- **TASK DESCRIPTION**
One number should be the full reply: how many lines of the material below contain "American".

──────── DATA IN THIS EXERCISE

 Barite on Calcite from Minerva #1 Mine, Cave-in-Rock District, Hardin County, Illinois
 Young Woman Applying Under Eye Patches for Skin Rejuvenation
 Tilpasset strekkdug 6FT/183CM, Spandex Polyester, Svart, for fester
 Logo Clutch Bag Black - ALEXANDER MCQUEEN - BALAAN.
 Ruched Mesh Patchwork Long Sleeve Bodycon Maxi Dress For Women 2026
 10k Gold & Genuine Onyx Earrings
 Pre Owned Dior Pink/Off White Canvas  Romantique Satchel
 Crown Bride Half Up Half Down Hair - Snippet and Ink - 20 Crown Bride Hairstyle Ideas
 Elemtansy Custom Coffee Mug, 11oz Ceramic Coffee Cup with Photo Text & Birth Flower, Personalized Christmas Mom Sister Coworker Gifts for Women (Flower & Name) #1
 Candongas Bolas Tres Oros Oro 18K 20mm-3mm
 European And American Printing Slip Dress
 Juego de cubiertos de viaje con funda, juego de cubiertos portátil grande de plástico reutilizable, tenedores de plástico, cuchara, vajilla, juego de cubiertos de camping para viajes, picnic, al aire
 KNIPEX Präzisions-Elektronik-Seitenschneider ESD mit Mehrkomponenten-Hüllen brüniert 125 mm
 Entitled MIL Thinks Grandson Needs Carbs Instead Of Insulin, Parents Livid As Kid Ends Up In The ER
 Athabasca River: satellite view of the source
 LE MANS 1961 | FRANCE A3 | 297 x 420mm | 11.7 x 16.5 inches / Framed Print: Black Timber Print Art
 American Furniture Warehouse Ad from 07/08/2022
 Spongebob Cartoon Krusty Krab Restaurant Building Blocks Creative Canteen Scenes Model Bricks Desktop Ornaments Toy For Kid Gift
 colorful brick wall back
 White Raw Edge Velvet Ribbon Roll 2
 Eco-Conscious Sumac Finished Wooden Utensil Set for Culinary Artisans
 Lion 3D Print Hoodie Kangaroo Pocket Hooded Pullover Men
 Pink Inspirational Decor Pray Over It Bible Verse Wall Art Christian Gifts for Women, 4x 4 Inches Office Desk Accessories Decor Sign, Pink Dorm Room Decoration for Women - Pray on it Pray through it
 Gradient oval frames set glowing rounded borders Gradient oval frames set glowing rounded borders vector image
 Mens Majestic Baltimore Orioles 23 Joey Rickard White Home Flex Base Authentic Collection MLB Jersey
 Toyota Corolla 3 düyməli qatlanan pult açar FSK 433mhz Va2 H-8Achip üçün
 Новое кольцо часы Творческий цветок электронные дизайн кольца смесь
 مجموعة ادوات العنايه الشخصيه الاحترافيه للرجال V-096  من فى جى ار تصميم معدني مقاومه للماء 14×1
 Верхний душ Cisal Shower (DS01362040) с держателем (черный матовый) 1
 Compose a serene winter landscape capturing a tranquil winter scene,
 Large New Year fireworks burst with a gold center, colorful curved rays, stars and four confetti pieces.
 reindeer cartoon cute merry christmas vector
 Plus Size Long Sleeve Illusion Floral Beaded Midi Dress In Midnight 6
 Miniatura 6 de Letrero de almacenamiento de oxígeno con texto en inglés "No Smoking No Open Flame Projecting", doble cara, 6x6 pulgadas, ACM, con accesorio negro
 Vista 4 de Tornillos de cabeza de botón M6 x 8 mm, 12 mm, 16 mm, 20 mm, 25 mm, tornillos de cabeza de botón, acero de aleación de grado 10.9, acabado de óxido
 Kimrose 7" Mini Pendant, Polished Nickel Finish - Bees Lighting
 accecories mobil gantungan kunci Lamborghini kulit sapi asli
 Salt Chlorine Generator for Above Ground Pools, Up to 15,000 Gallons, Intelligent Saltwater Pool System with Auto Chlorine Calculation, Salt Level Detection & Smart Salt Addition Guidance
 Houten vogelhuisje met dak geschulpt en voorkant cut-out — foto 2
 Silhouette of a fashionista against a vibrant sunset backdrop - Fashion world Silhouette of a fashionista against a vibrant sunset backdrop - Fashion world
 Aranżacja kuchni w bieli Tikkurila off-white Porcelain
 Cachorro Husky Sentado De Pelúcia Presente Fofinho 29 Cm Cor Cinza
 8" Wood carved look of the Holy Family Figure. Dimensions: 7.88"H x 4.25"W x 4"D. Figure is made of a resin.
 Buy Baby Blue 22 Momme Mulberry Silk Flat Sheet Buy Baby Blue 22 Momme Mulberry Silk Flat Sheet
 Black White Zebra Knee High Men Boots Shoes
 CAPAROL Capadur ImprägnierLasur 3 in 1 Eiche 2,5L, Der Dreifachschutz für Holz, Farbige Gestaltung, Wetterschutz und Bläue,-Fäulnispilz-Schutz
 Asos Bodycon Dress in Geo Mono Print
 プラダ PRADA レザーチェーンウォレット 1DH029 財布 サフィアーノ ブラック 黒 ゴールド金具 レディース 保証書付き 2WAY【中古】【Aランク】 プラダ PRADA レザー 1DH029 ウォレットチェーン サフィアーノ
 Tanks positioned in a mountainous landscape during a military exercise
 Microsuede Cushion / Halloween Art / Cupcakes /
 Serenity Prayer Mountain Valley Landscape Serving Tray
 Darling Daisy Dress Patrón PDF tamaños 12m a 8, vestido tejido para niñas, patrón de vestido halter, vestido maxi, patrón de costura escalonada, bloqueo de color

────────────────

- **TASK SOLUTION**
2